The problem, and the inversion

The classic PyTorch DataLoader puts parallelism in worker processes, each running a synchronous __getitem__. Against cloud Zarr that fights itself: no shared chunk cache (every worker re-reads the same chunk), no way to drive async obstore, and dask thread pools nested inside forked workers.
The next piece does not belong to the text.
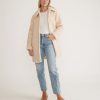 Aspen Coat - Image 6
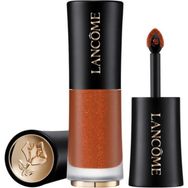 Lancome L'absolu Rouge Drama Ink 500 Lorfevre Yarı Mat Likit Ruj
The usual escape — resharding to one-sample-per-file — is a second copy of the dataset that throws away the chunk locality the store already has.
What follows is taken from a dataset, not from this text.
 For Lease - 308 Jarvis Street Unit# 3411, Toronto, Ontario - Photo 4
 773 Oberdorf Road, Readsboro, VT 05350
insitubatch keeps the data in place and inverts the loader:

Classic DataLoader: parallelism lives in num_workers OS processes, each running a synchronous __getitem__. insitubatch: parallelism lives in one async event loop; batch assembly is the consumer.
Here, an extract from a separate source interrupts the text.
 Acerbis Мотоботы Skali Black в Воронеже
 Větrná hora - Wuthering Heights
That single move unlocks async obstore, a shared chunk cache, bounded memory, and prefetch overlap with the training step; torch runs num_workers=0. Architecture has the full frictions breakdown, the loader/prefetch diagrams, and the read-plan abstraction; DESIGN.md has the why.

Shape of the API

The core InSituDataset is a framework-neutral iterable of numpy Batch objects; torch / JAX / TF handoff is a thin optional DLPack adapter, re-exported from the package root (defined in insitubatch.frameworks) — importing insitubatch pulls in no framework.

from insitubatch import (
    InSituDataset,
    as_tf_dataset,
    as_torch,
    obstore_store,
    open_geometries,
    split_by_chunk,
    to_jax,
)
from torch.utils.data import DataLoader

# The engine reads a zarr Store; obstore_store builds one for file://, s3://, gs://.
# (fsspec_store for GCS Rapid/requester-pays; arraylake_store for Icechunk sessions.)
store = obstore_store("file:///data/era5.zarr")  # or "s3://bucket/era5.zarr"
geoms = open_geometries(store)           # {var: ArrayGeometry} from zarr metadata
manifest = split_by_chunk(geoms["t2m"], fractions=(0.8, 0.1, 0.1))

ds = InSituDataset(store, manifest, batch_size=32, block_chunks=16)

for epoch in range(n_epochs):
    ds.set_epoch(epoch)
    for batch in ds.train:               # numpy Batch: {var: np.ndarray} + sample_indices
        ...
    for batch in ds.val:                 # deterministic; shares the pool with train
        ...

# Framework handoff (DLPack, zero-copy on CPU for torch/JAX; TF copies once):
loader = DataLoader(as_torch(ds.train), batch_size=None, num_workers=0)  # torch
jbatch = to_jax(next(iter(ds.train)))                                    # JAX:   {var: jax.Array}
tfds = as_tf_dataset(ds.val)                                             # TF:    tf.data.Dataset

See examples/advection for working CNN forecast models using insituBatch implemented with Torch, Jax and Tensorflow with real ERA5 data.

A runnable, network-free version of this — paralleling the Earthmover dataloader-demo, with a spatial subregion pulled out by a batch_transform — lives in examples/wb2_dataloader.py:

uv run python -m examples.wb2_dataloader            # tiny synthetic data, no network
uv run python -m examples.wb2_dataloader \
    --url s3://bucket/era5.zarr --var 2m_temperature --subregion 48,48 --request-payer

Install (dev)

uv sync                  # core engine + dev tools
uv sync --extra torch    # torch handoff (frameworks.as_torch)
uv sync --extra jax      # JAX handoff (frameworks.to_jax)
uv sync --extra tf       # TF handoff (frameworks.as_tf_dataset)
uv sync --extra bench    # benchmark suite (xbatcher baseline + plotly)
uv sync --extra gpu      # CUDA box only: cupy + kvikio zero-copy path

Status

Alpha — validated on real cloud IO. Built: planner + chunk-aligned splits, async obstore reads, the decoupled fetch Scheduler + ChunkPool (assembly buffer and cache — byte budget + pin/LRU, heap or mmap-on-NVMe, with cross-run persistence via persist=True), approximate (shuffle-block) shuffle, chunk/batch transforms (incl. a fitted StandardScaler), prefetch, and the torch / JAX / TF surfaces. Not yet built: Regrid + the GPU/device transform stage, and multi-timestep windows that cross chunk boundaries.

DESIGN.md is the single source of truth for status, the roadmap, and the scope limits.